Deshawn, a student at Mary McLeod Bethune Elementary School, is currently an apprentice at FREEFORM. Paul has seen Deshawn embrace the idea of “design thinking” that the company has tried to instill in him. 


“As designers, we look at the things around us and try to figure out ways to make them better, easier to use or just more aesthetically appealing,” said Paul. “He has really started to catch on to this philosophy and has brought some interesting ideas to the table. We have also helped him to think in broader terms and ideas for his initial research.”


Deshawn became involved with Spark when he was in sixth grade and loves his current apprenticeship as a graphic designer (see photos of Deshawn hard at work in the photo gallery).


“Currently I am having an awesome time doing graphic design,” said Deshawn. “It’s cool because it combines technology with art and design so it gives me a chance to do two of my favorite things at the same time. This program has helped me dramatically because it gives me a chance to explore and discover different possibilities.”


Deshawn appreciates that his mentors teach him and treat him as if he was part of the company. He also believes that the program is essential to students.


“This program helps us get and stay on the right path,” Deshawn said.  “It is very important because it could determine a student’s future.”


Lakesa, a 7th grader at Mary Mapes Dodge Renaissance Academy, joined Spark at the end of her 6th grade year.


“I started my first apprenticeship in the fall of seventh grade and am now in my second apprenticeship this spring,” Lakesa said. “When I found out that Spark was coming to Dodge, I thought it was a great opportunity and wanted to join. I liked the idea of traveling into the city and experiencing new things.”

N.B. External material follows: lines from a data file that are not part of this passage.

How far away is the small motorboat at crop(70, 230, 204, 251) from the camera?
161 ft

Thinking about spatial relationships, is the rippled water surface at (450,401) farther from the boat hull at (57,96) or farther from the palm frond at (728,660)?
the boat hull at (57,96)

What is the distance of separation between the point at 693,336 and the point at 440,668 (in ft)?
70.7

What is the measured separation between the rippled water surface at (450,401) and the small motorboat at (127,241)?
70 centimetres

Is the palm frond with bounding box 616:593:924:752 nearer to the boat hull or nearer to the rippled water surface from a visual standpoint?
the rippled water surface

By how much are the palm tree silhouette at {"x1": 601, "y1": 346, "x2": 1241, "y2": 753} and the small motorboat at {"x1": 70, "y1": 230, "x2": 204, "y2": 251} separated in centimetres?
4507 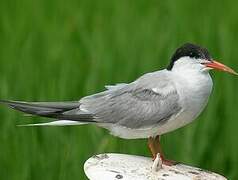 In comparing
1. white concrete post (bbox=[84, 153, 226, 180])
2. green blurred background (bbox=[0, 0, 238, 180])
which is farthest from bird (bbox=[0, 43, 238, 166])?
green blurred background (bbox=[0, 0, 238, 180])

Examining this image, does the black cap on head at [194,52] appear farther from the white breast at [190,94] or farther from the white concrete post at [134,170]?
the white concrete post at [134,170]

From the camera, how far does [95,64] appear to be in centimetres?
564

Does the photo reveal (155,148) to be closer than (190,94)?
No

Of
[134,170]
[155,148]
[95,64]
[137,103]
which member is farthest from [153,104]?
[95,64]

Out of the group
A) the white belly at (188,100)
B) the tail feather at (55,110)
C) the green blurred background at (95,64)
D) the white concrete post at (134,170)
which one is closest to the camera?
the white concrete post at (134,170)

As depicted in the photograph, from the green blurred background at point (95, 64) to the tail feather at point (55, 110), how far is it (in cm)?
53

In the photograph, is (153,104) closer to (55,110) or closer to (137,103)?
(137,103)

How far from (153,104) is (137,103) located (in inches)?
3.5

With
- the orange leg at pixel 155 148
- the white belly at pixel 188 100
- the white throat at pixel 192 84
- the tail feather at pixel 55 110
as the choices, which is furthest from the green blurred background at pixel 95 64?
the white throat at pixel 192 84

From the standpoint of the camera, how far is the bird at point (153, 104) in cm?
372

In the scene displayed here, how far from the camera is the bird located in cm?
372

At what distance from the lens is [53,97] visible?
195 inches

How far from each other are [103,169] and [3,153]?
3.82 ft

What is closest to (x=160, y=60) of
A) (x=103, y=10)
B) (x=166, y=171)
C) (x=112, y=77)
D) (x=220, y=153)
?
(x=112, y=77)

At her current apprenticeship, Lakesa works with Eric Neufeld at Scheck and Siress, the largest provider of orthotic and prosthetic services in the Chicago area.  Lakesa watches Neufeld interact with his patients and learns how to build prosthetic limbs. Together they are building a leg brace that Lakesa will share with her peers at the Discovery Night, Spark’s program-ending event (see photos of Lakesa’s work in the photo gallery).

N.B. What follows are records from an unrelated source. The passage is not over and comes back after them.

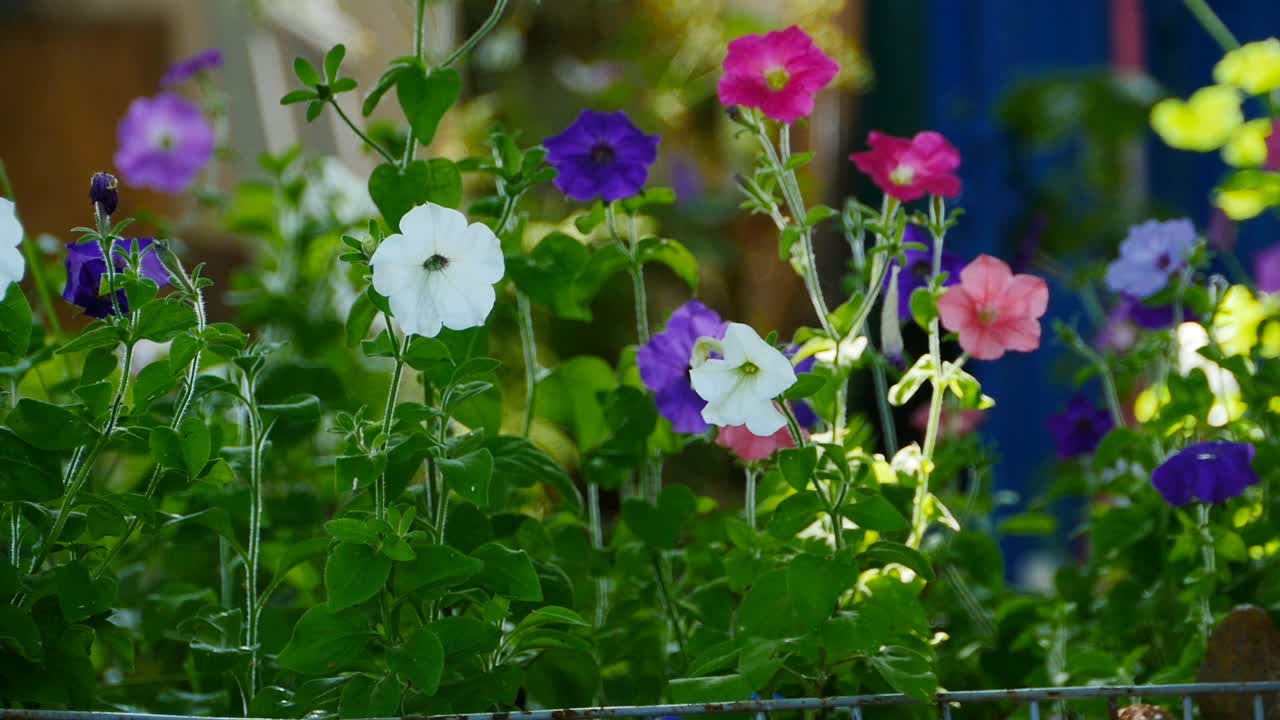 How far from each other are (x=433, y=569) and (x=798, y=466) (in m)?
0.21

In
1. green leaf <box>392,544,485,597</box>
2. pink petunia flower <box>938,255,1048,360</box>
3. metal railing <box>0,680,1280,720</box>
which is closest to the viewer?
metal railing <box>0,680,1280,720</box>

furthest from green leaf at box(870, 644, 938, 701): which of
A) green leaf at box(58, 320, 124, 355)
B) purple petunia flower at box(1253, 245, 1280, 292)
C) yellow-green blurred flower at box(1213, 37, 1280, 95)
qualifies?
purple petunia flower at box(1253, 245, 1280, 292)

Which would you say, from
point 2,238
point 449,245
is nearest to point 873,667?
point 449,245

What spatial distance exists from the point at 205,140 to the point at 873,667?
883 millimetres

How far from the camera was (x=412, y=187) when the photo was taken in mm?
803

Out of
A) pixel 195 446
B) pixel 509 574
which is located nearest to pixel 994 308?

Neufeld believes that Spark has been beneficial to Lakesa. “I was nervous at first to expose Lakesa to our patient population, which is mostly amputees and those with musculoskeletal disorders,” said Neufeld.  “She surprised me with her comfort around patients and her excitement to be part of the office as a whole. I hope the experience has helped her to identify some things that are interesting to her, and that perhaps might contribute to her choice of career down the line.”


Spark has had a major impact on Lakesa, as she said that the program has made her become a better person.  “I have gotten a chance to work with different people and learn about different jobs,” she said.  “It has made me realize how important it is to finish college and not drop out. By graduating from college I will be able to get my dream job.”

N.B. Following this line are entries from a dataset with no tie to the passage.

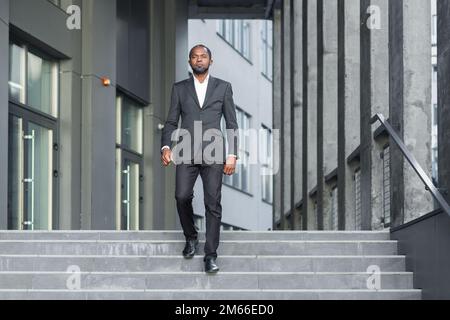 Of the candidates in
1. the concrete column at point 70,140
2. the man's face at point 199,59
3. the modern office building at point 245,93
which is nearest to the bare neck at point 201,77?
the man's face at point 199,59

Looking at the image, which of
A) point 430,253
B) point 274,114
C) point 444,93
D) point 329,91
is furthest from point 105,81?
point 430,253

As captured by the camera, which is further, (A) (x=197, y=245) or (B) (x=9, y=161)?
(B) (x=9, y=161)

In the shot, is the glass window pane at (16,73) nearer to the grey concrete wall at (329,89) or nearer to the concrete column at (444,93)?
the grey concrete wall at (329,89)

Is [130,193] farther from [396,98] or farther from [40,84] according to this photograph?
[396,98]

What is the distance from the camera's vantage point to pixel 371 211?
46.2 feet

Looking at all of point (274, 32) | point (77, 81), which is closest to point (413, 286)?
point (77, 81)

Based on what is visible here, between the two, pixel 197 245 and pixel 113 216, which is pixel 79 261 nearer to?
pixel 197 245

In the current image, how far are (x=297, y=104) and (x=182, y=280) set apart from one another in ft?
50.6

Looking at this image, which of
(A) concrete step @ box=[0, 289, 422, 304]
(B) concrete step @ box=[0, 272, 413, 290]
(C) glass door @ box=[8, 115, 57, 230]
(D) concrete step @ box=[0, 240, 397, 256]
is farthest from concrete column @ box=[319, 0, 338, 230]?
(A) concrete step @ box=[0, 289, 422, 304]

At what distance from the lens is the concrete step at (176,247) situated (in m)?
10.6

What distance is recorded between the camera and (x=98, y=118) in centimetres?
2080

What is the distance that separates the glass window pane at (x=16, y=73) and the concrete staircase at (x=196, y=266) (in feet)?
22.4

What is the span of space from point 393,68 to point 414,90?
78 centimetres

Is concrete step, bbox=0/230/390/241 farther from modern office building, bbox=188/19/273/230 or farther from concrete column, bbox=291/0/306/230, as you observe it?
modern office building, bbox=188/19/273/230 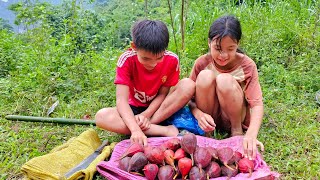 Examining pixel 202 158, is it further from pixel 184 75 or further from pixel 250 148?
pixel 184 75

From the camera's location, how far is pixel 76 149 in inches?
96.0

Lakesa dreams of being a pediatrician and one day opening her own clinic. She encourages other students to join Spark because it gives participants a look into what life is like after schooling.


“Spark gives you good practice with communicating with others and meeting new people with different cultural and ethnic backgrounds,” said Lakesa. “I wish that every 7th and 8th grade student in Chicago could experience Spark at least once!”